Oleh kerena itu, KPK akan tetap membahas bersama-sama dan ikut menyarankan rekomendasi-rekomendasi materi yang akan dibahas nantinya karena substansinya penting soal isu korupsi.
Febri menyatakan jika tidak hadir sama sekali dan tidak ikut membahas substansi maka lembaganya khawatir ada informasi-informasi penting yang dimiliki oleh KPK tidak tersampaikan atau tidak dibahas.
Sebagai contoh, soal kasus-kasus yang pernah ditangani KPK terutama sektor strategis, yaitu Sumber Daya Alam (SDA) dan penerimaan negara. Selain itu, juga kajian-kajian yang pernah dilakukan oleh KPK.
KPU pun pada akhirnya menetapkan lima orang sebagai panelis dalam debat pertama tersebut, yaitu Guru Besar Fakultas Hukum Universitas Indonesia Hikmahanto Juwana, mantan Ketua Mahkamah Agung Bagir Manan, Ahli Hukum Tata Negara Bivitri Susanti, Ahli Hukum Tata Negera Margarito Kamis, dan Ketua Komnas HAM Ahmad Taufan Damanik.
Sebelumnya, KPU mencoret mantan Wakil Ketua KPK Bambang Widjojanto dan Koordinator Indonesia Corruption Watch (ICW) Adnan Topan Husodo dari daftar panelis.
Poin Penting
Terdapat 10 poin yang dipandang KPK perlu dibahas dan diharapkan dapat menjadi perhatian kita semua, khususnya para calon Presiden atau Wakil Presiden RI.
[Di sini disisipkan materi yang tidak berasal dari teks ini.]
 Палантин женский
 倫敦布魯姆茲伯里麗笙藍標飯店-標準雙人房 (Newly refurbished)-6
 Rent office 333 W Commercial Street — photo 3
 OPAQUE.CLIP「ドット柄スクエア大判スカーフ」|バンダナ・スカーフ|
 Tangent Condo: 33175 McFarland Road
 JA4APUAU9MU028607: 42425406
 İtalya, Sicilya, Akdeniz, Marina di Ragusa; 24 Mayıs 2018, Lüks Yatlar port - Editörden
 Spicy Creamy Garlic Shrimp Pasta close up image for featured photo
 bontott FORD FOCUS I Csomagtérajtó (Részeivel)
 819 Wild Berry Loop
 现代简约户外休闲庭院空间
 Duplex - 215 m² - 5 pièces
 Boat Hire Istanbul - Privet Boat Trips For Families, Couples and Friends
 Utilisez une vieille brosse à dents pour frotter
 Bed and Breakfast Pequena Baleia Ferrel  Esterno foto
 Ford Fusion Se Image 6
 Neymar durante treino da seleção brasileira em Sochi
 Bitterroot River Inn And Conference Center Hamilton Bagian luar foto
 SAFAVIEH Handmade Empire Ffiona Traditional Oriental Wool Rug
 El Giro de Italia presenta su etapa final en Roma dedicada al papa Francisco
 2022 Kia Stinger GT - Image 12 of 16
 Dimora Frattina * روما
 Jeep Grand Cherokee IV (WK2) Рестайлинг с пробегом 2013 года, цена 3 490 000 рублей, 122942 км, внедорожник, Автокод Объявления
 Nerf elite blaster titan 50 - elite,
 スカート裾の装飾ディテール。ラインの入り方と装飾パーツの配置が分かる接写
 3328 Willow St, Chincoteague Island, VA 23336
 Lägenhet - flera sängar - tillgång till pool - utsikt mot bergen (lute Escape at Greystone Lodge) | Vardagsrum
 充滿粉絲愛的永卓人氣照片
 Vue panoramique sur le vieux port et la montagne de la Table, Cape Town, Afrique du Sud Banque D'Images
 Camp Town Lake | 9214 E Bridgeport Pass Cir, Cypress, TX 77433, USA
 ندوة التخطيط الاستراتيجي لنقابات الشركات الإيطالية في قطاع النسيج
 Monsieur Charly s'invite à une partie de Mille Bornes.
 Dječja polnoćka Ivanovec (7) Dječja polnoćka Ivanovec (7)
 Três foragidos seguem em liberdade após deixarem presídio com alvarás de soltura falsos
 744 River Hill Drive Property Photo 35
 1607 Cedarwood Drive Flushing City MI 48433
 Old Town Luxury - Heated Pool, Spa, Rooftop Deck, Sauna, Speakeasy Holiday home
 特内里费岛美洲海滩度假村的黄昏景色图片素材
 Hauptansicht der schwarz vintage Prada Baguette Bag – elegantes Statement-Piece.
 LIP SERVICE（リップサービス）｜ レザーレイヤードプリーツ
Pertama, memperkuat landasan hukum pemberantasan korupsi ke depan melalui perubahan UU Tindak Pidana Korupsi.
Hal itu juga perlu dilakukan sesuai standar internasional sebagaimana United Nations Convention against Corruption (UNCAC) yang telah disahkan melalui UU Nomor 7 Tahun 2006.